This is one of the oldest scams in the book.
Minority legislators and their umbrella groups claim to raise money from corporations for scholarships. And the scholarships either never materialize or are ridiculously abused. It’s a commonplace problem in the Congressional Black Caucus.
Rep. Corrine Brown was sentenced to 5 years in prison in 2017 for mail fraud and various other forms of fraud after running a fake charity that stole money meant to provide scholarships for minority students.
CBC members often set up educational non-profits, into which corporate donors pour money, but the only people who benefit are their friends, their family members and their own bank accounts. Rep. Eddie Bernice Johnson never went to jail, but Congressional Black Caucus Foundation scholarships that each member is supposed to distribute to needy district members instead went to her grandsons.
Rep. Frank Ballance did go to jail. In 2005, he was sentenced to 4 years in prison for that CBC standby, mail fraud and money laundering relating to theft of funds from an educational non-profit, run by him.
This story is about New York though.
A nonprofit run by state lawmakers to raise scholarship money for needy minority students spends most of the cash on its lavish annual soiree — including $6,000 on limos — and gave out no grants the last two years, The Post has learned.
The New York State Association of Black and Puerto Rican Legislators organizes a “Caucus Weekend” — a series of workshops, concerts and parties — in Albany every February for minority members of the Assembly and the Senate.
The group charges sponsors up to $50,000 for a chance to party with lawmakers at events that have included Grammy Award-winning rappers and high-profile speakers such as Hillary Clinton and Jesse Jackson.
The Presidents Day weekend bash is capped off with a swanky black-tie Scholarship Gala where participants are reminded that they are “changing lives, one scholarship at a time,” according to the group’s Web site and literature.
But in the last two years there has been no cash for scholarships, according to two sources — a former lawmaker, and a community organizer who has relied on the money for needy students since just after the group was founded in 1985.
Federal tax filings confirm that in the 2015-16 fiscal year, which ended Sept. 30, 2016, the group gave out no educational grants — despite raking in contributions totaling more than $500,000.
And you know where that money is coming from.

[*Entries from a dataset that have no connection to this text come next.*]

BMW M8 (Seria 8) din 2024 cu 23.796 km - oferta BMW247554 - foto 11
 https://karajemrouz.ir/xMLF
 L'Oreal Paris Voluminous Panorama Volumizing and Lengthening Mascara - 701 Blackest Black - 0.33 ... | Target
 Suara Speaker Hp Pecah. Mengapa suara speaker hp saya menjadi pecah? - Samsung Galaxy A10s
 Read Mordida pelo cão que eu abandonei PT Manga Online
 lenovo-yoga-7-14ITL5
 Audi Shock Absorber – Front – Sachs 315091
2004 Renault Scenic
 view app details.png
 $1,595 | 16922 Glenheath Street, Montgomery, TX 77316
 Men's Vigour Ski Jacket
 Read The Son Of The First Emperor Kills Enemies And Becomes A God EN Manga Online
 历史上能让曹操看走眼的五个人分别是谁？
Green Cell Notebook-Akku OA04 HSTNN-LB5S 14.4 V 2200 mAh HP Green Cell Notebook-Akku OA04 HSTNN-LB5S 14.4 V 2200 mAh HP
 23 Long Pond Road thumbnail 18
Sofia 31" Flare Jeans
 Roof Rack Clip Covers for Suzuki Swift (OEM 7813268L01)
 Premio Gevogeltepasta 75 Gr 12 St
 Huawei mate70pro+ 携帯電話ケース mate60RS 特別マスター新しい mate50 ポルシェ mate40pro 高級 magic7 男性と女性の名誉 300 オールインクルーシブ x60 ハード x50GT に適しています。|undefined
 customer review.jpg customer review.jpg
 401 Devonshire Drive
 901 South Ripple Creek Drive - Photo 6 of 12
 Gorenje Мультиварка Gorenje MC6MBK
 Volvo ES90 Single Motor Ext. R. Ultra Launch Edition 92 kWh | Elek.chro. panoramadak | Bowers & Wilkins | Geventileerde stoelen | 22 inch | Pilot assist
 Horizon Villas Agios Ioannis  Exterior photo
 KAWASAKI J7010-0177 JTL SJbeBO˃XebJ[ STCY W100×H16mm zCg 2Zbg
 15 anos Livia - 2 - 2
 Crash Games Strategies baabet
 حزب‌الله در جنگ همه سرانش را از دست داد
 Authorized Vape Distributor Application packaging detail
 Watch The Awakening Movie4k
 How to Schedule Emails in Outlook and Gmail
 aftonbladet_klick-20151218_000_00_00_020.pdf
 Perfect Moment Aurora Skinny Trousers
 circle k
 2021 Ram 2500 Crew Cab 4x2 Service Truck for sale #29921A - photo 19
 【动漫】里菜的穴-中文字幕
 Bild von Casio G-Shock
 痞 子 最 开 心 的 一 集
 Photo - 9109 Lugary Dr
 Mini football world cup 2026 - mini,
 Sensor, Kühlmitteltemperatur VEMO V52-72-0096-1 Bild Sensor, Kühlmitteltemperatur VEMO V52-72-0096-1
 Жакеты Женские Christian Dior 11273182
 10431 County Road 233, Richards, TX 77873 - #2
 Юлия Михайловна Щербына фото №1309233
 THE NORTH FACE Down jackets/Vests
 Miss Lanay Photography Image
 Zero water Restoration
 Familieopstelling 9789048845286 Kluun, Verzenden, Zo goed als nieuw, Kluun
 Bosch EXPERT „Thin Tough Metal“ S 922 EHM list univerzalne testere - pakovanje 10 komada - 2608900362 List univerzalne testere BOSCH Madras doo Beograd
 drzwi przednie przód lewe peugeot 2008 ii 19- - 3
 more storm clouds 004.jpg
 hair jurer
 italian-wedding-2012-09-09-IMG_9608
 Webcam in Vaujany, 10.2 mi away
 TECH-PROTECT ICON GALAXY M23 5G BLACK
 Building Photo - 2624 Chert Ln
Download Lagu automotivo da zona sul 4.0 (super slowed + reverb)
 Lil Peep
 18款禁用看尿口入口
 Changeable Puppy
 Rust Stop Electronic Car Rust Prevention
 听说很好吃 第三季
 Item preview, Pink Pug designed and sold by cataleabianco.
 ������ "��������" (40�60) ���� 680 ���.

The nonprofit charges sponsors like unions, lobbying firms and corporations up to $50,000 for a “Platinum Package” which includes tickets to workshops on expanding access to government contracts for minority and women-owned businesses, on gun violence, and parties where participants can rub elbows with lawmakers and “ a large community of advocates.”
And you know where it’s going.
The group failed to furnish The Post with the subsequent year’s tax filings — October 2016 to September 2017 — despite a federal law requiring it to do so.
The group had its charitable status temporarily revoked in 2011 by the IRS after it failed to file tax returns for three consecutive years, according to federal tax documents.
When asked why the group had not given out any money to students in either year — even though scholarships are the heart of its stated mission — the lawmakers who manage the nonprofit refused to answer. The group is chaired by a president who serves a two-year term.
Assemblywoman Latrice Walker, a Brooklyn Democrat, the current chair of the nonprofit’s board, who is campaigning to be the city’s public advocate, said through a spokesman that she “does not have any knowledge of the matter.”
It’s okay.
New York’s new AG will ignore this to focus on Trump’s family businesses. And will be cheered by the fake news media for fighting corruption.